Back to the Beginning

William Rusnak grew up in a Chicago banking family, and as a young man owned a furniture store. While attending the 1933-34 Century of Progress International Exposition in Chicago, Rusnak first encountered the concept of fluorescent lighting. He decided to take a chance and invest in what he guessed would be a significant impact of the newly discovered technology. Rusnak opened the doors to American Fluorescent in 1938.

His son-in-law, Jerry Solomon, joined him two years later and became instrumental as the business gained a foothold in the industry. Solomon became President in 1959 and, under his leadership, the company built a reputation as an innovator. One of their biggest accomplishments was the development of under-cabinet lighting, proving that fluorescents were not just for commercial and industrial applications.

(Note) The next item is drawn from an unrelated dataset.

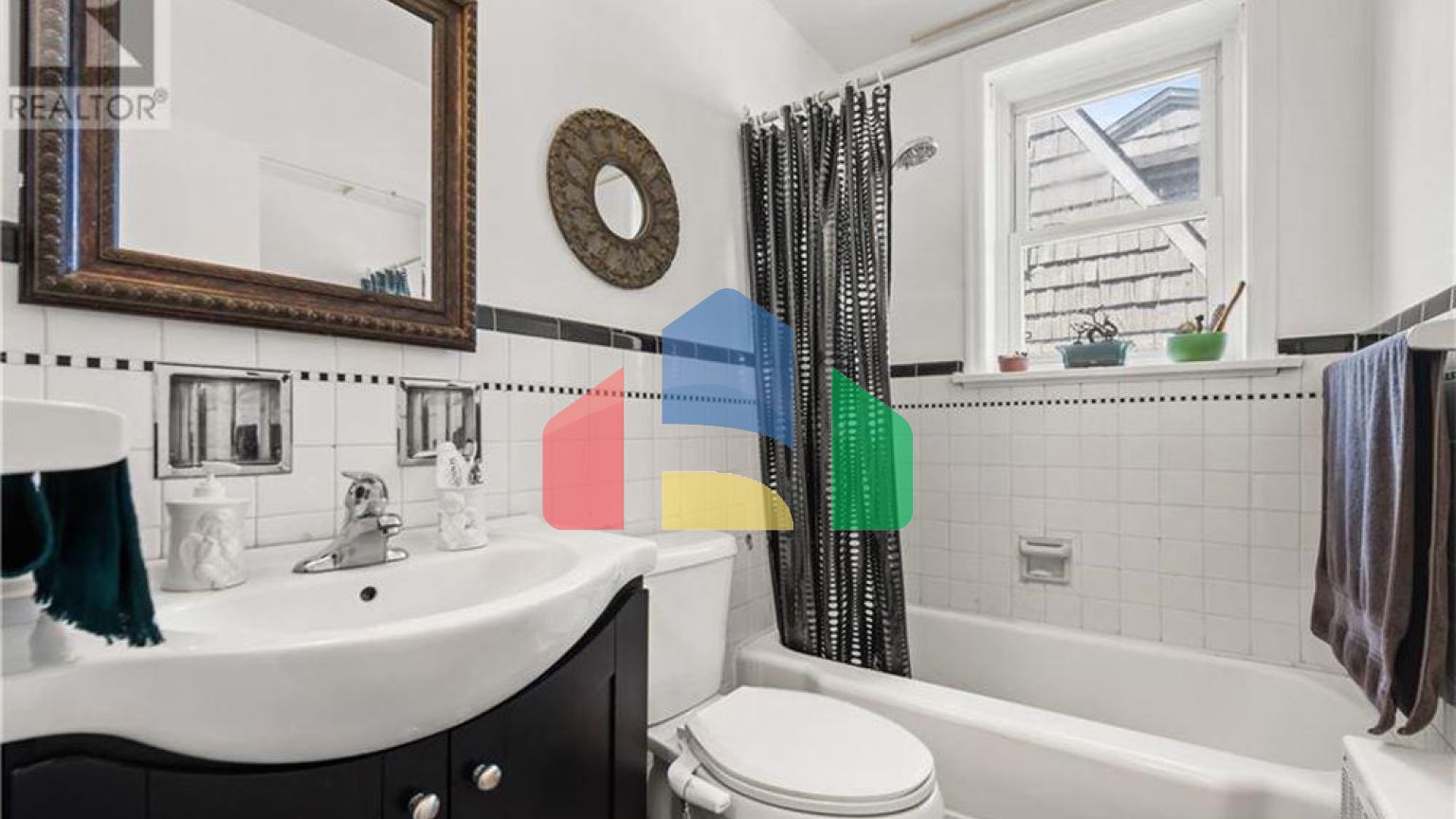 Residential - Single Family Home - Kitchener, Canada - Canada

In 1973, Bill Solomon joined his father in the business and was appointed to his current role of CEO 10 years later. Under his leadership, the company has steadily built market share and has spearheaded the development and introduction of energy-saving decorative fluorescent fixtures.

In reflecting on the company’s 80th anniversary, Solomon notes, “We continually strive to bring relevant and innovative lighting solutions to our customers. Central to our success is the relationships we’ve built on trust and respect with all our stakeholders, including customers, employees, and supplier partners.”

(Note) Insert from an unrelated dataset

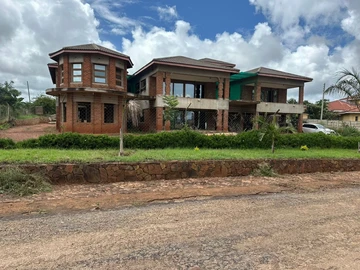 The Grange double storey Mansion for sale 450k   It's a 7 bed all ensuite.  Ground floor with 4 beds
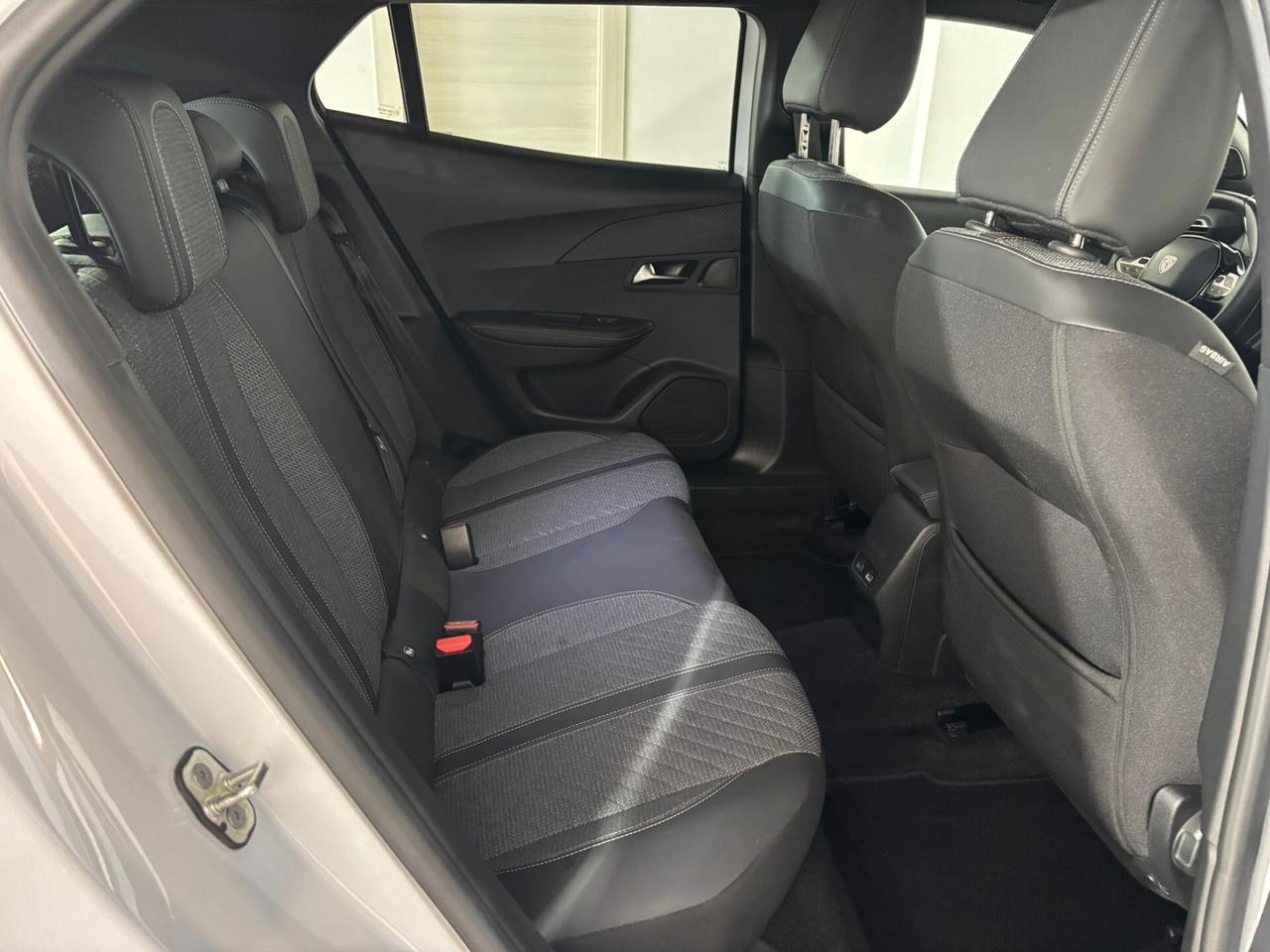 Peugeot 2008 BENZINA 100 CV MOD. 2024 ALLURE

Bill is the last of the Solomons at American Fluorescent/AFX. There are no other family members involved in the business today — a far cry from when he started at the company. “If anyone in the family was out of work, my dad gave them a job,” he laughs. “My grandmother was the office manager, my sister ran the switchboard, mom did payroll, my uncle managed sales, and throughout the ’60s and ’70s, probably half a dozen of my cousins worked here.”

Solomon is proud of the legacy built over the decades. He describes his grandfather as an entrepreneur and a bit of a rebel, whose handshake and word were as good as gold.

“He borrowed $10,000 from his father so he could get out of the banking business and start this company,” Solomon shares. “He was very much an ‘I did it my way’ type of business owner and was extremely loyal to people and treated them very well. My father was a different type of leader. He would do anything for anybody. He was a storyteller and typical salesman. People really loved him because he was such a genuinely good person.”

How does he measure up? “I’m a combination of my grandfather, my father, and my mother,” Solomon surmises. “Like my father, I genuinely care about people and like engaging with them. I enjoy the sales process, taking a close look at customers and their needs to learn how we can help them and their businesses. I do business with integrity and have tried to be honest with our customers about what I think are the most important things they need to know.”

While Solomon’s grandfather was more of a risk taker than his father, “I share his philosophy that you have to take risks to grow a business,” he remarks. “My mom, as the daughter of the founder, was no-nonsense. She was quiet, but very inquisitive. She would try to get as much information as she could before making a decision, which is a trait I try to emulate.”

From a young age, Solomon was immersed in the company, doing all the summer job-type of tasks that are typical for children of lighting business owners. He was also very cognizant that his last name drew attention.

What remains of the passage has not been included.